Raymond winning the 2018 Develop Awards Vanguard Award essentially means we see her as a major role-model for people in the industry. Not just her amazing experience, but what she stands for as she strives for creative diversity and diverse creativity.
“It’s a huge honour. I was really touched that Develop reached out to me about this,” Raymond tells us. “I’ve always tried to be a positive force in the industry. I think there are so many great things about the industry. There have been times in my career where it’s been harder to be in the public eye. I had to deal with some things around launch of the first Assassin’s Creed that were not fun, but ultimately I still try to be visible in a way that can inspire young women getting into the games industry. Showing them that the games industry is great and shining a light on all the positive things because I do strongly believe in more diverse teams. Not just women being part of the team, though we do need more women!
“I want to show young women that they can have good careers in the games industry and shine a light on how great the industry is. All the people with different backgrounds. Artists and programmers and musicians and writers.
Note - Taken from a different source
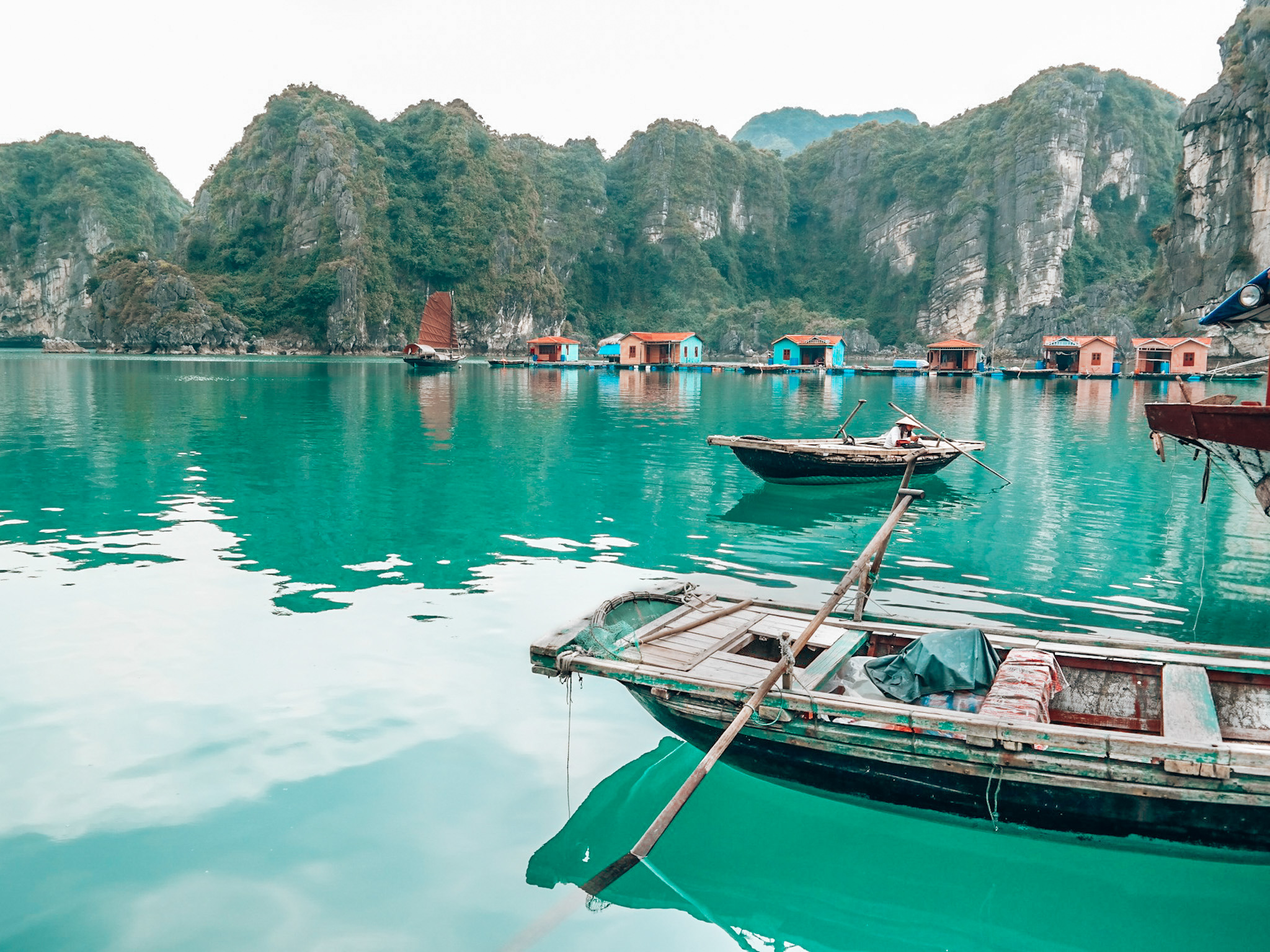 Traditional vietnamese boats on blue waters surrounded by mountains in Ha Long Bay, Vietnam.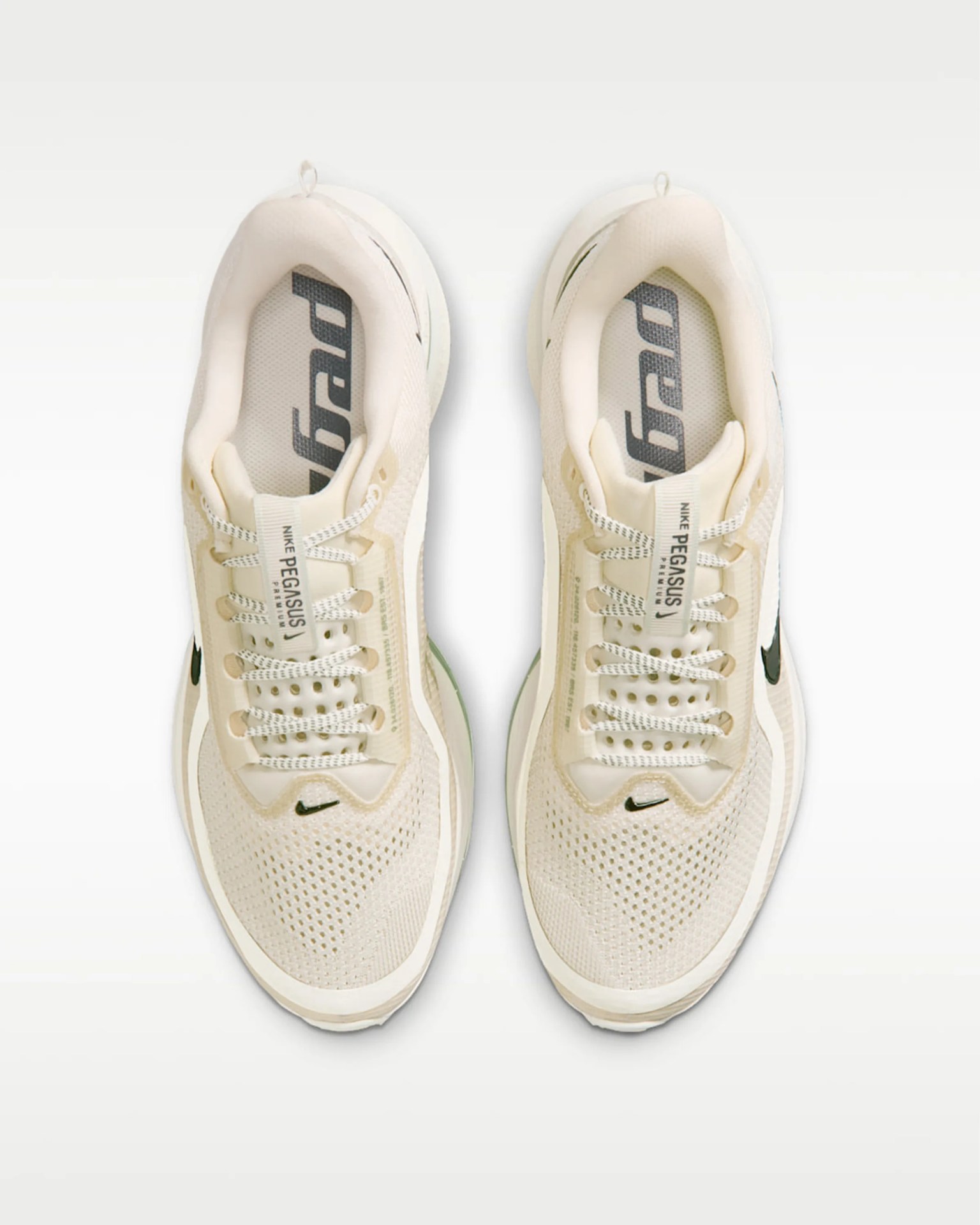 Pair of beige Nike Pegasus running shoes with black swoosh logos and white patterned laces, viewed from above.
All the types of talent that you get to work with.
“The other thing that’s important to me is I’ve loved creating original IP because I think it’s an opportunity to create games and brands in the games industry that have meaning. And it’s even more so now. How are we making sure that we are impacting people’s lives and enriching them, rather than just being fun? Fun is great! But how do we have a positive impact?
“I try to be visible in a way that can inspire young women getting into the industry.”
“I really believe that it’s time for us to be taking that seriously as game developers. And I think a new brand is a really good way to do that, because it’s not only in terms of the context you choose and what the brand is about, but what you choose to reinforce in the game mechanics. I’ve always loved science fiction because I feel like it’s a great highlighter of the human condition. It makes people think about where we’re going, why we do things, what are the things that are fundamentally true about humanity. I think we can and should make some points within gaming and they can be made even more meaningfully because game mechanics reinforce them and the story. So I’m really passionate about that.
“With Assassin’s Creed, we were trying to enrich people’s lives and have a message. Being able to inspire people to think a little more about history and maybe get excited about that and look into different countries and maybe get some enrichment there. There were some messages also about the original assassins and their different beliefs and ‘nothing is true, everything is permitted’. We touched on different ideologies there. With Watch Dogs we spent some time thinking about that too, but with this new brand I really want to create a positive story about humanity. That’s really important to me.”